In \eqref{eq:PolarCoordinateSystem_LineRepresentation} there are two new parameters: radius $$\rho$$ and angle $$\theta$$ as also depicted in the following figure. $$\rho$$ is the length of a vector which always starts at the pole $$(0,0)$$ (analogous term to the origin in the Cartesian coordinate system) and ends at the line (orange in the figure) so that $$\rho$$ will be orthogonal to the line. This is important because otherwise the following conclusions wouldn't work.

So, first start with the $$y$$-intercept $$b=\frac{\rho}{\sin{\theta}}$$. Note that the angle $$\theta$$ comes up twice: between the $$x$$-axis and the $$\rho$$ vector plus between the $$y$$-axis and the blue line (on the right side). We will use trigonometrical functions to calculate the $$y$$-intercept. This is simply done by using the $$\sin$$-function

\begin{equation*} \begin{split} \sin{\theta} &= \frac{\text{opposite}}{\text{hypotenuse}} \\ \sin{\theta} &= \frac{\rho}{b} \\ b &= \frac{\rho}{\sin{\theta}} \end{split} \end{equation*}

and that is exactly what the equation said for the $$y$$-intercept.

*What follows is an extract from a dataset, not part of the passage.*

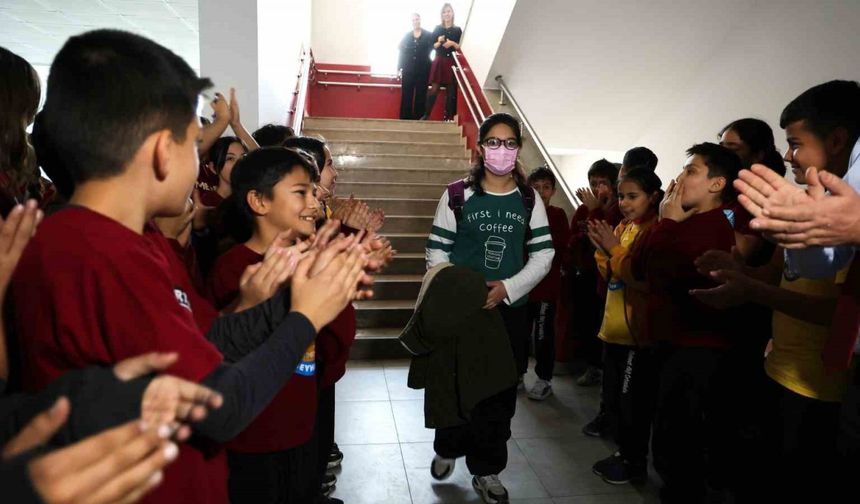 Lösemiyi yenen İkranur 3 yıl sonra okula döndü, çiçek ve balonlarla karşılandı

Now it is time for the slope $$m=-\frac{\cos{\theta}}{\sin{\theta}}$$. For this, the relation

\begin{equation*} m = \tan{\alpha} \end{equation*}

is needed, where $$\alpha$$ is the slope angle of the line. $$\alpha$$ can be calculated by using our known $$\theta$$ angle:

\begin{equation*} \alpha = 180^{\circ} - (180^{\circ} - 90^{\circ} - \theta) = 90^{\circ} + \theta. \end{equation*}

Now we have $$m=\tan{\left(90^{\circ} + \theta\right)}$$, which is equivalent to $$m=\frac{\sin{\left(90^{\circ} + \theta\right)}}{\cos{\left(90^{\circ} + \theta\right)}}$$. Because of $$\sin{x}=\cos{\left(90^{\circ}-x\right)}$$ and $$\cos{x}=\sin{\left(90^{\circ}-x\right)}$$ we can do a little bit of rewriting

\begin{equation*} m=\frac {\cos\left({90^{\circ} - (90^{\circ} + \theta)}\right)} {\sin\left({90^{\circ} - (90^{\circ} + \theta}\right))} = \frac {\cos\left({-\theta}\right)} {\sin\left({-\theta}\right)} = \frac {\cos\left({\theta}\right)} {-\sin\left({\theta}\right)} = -\frac {\cos\left({\theta}\right)} {\sin\left({\theta}\right)} \end{equation*}

and we have exactly the form we need. In the last step, I used the property that $$\sin(x) = -\sin(-x)$$ is an odd and $$\cos(x) = \cos(-x)$$ an even function.